This happened on Thursday, but it's still upsetting me and making me feel like shit so I'm just gonna copy/paste from Tumblr so I don't have to type it all out again
Tonight, for me, was an eye opener regarding my gender that I had always kind of assumed but was ultimately cemented and brought to attention. This post is from mobile and I can’t be assed in my current state of anxiety to try and figure out how to do a read more so feel free to stop reading now if you’d like.
Where to start with this is kind of hard to pinpoint. I, like a lot of people, grew up as a female with predominantly male friends. It wasnt until mid-middle school that I started hanging out with girls, and even then I always felt more comfortable with my male friends. Being overweight, into video games, and very rough-housy made it even easier to slip under the radar as just one of the guys and I was always happy to be in on the jokes instead of the target of them. That being said, most of the male friends I started making in the later years of Middle School and the early years of Secondary School weren’t quite as quick to stop noticing that I wasnt just another guy. To them I was just a funny chick, which was never really an issue because I was still overweight and not really that pretty so I wasnt considered an ‘attractive’ female and was never their main focuses or crushes; which suited me fine. I started going out with my now-wife and that helped me slide back into pseudo-guy territory. I could joke with them about sexy girls and make innuendo that didn’t come off as weird because I was in the same boat as them.
Tonight, me and my wife went to go hang out with one of these such friends. This friend on particular has always been a nice guy- always funny, rarely lewd or abrasive and is so friendly and loveable he’s even had his name semi-permanently changed to ‘Teddybear’ in our circle of friends. We’d been at his house a couple days ago but weren’t over very long, so we decided we’d go back over today to hang out a bit more.
For whatever reason, tonight I was a girl. I was a prime target for sexual jokes, which played out in him sniffing my hair with his nose pressed against my head, twice, implications of sexual arousal on his part, and crude comments. I already have issues with sexuality as a whole but having it directed at me, relentlessly, from someone I’d assumed thought I was one of the guys was shocking and I didn’t know how to react.
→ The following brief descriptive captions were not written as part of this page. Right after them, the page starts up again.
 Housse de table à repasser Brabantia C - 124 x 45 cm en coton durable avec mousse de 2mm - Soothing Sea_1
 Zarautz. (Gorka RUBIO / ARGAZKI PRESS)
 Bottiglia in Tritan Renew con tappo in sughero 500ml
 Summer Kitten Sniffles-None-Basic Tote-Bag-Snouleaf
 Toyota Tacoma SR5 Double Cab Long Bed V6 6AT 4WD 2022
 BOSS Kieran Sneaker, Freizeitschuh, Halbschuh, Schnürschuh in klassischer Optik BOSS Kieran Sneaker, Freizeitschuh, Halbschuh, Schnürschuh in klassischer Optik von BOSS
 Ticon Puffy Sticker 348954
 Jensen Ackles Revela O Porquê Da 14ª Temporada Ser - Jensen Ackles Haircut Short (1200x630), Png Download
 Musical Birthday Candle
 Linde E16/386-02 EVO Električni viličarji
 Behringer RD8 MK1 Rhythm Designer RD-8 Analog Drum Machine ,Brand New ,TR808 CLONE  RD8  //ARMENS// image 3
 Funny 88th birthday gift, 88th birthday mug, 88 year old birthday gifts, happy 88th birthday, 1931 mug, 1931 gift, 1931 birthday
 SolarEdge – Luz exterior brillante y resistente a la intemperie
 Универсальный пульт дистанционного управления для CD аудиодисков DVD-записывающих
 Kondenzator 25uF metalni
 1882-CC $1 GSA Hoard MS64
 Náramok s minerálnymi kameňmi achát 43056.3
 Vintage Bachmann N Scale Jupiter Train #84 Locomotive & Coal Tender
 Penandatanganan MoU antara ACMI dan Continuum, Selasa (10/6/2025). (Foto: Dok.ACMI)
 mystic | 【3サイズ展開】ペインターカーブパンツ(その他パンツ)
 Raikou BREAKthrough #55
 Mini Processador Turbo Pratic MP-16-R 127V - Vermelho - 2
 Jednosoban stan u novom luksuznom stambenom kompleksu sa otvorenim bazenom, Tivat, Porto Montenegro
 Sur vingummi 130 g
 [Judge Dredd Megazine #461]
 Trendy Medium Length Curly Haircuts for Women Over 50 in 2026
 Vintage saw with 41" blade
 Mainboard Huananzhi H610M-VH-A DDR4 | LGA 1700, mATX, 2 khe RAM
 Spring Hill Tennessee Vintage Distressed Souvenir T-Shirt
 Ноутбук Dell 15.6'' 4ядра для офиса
As we were getting ready to leave, he suggested a ‘sexy party’ a couple times, laughed it off, and made yet another sexual joke as I was giving him a hug goodbye.
I’ve never left somewhere feeling so violated, embarrassed, and ashamed to be a girl since I was cornered to a Nightclub couch by an old man who then kissed my face and neck, offered me money, and told me I was beautiful until I managed to get security’s attention; where he, thereafter, called me out for getting him kicked out of the bar.
I realized that being seen as a girl, a female to a male, makes me upset. I don’t particularly feel like a boy, but I absolutely don’t feel like a girl.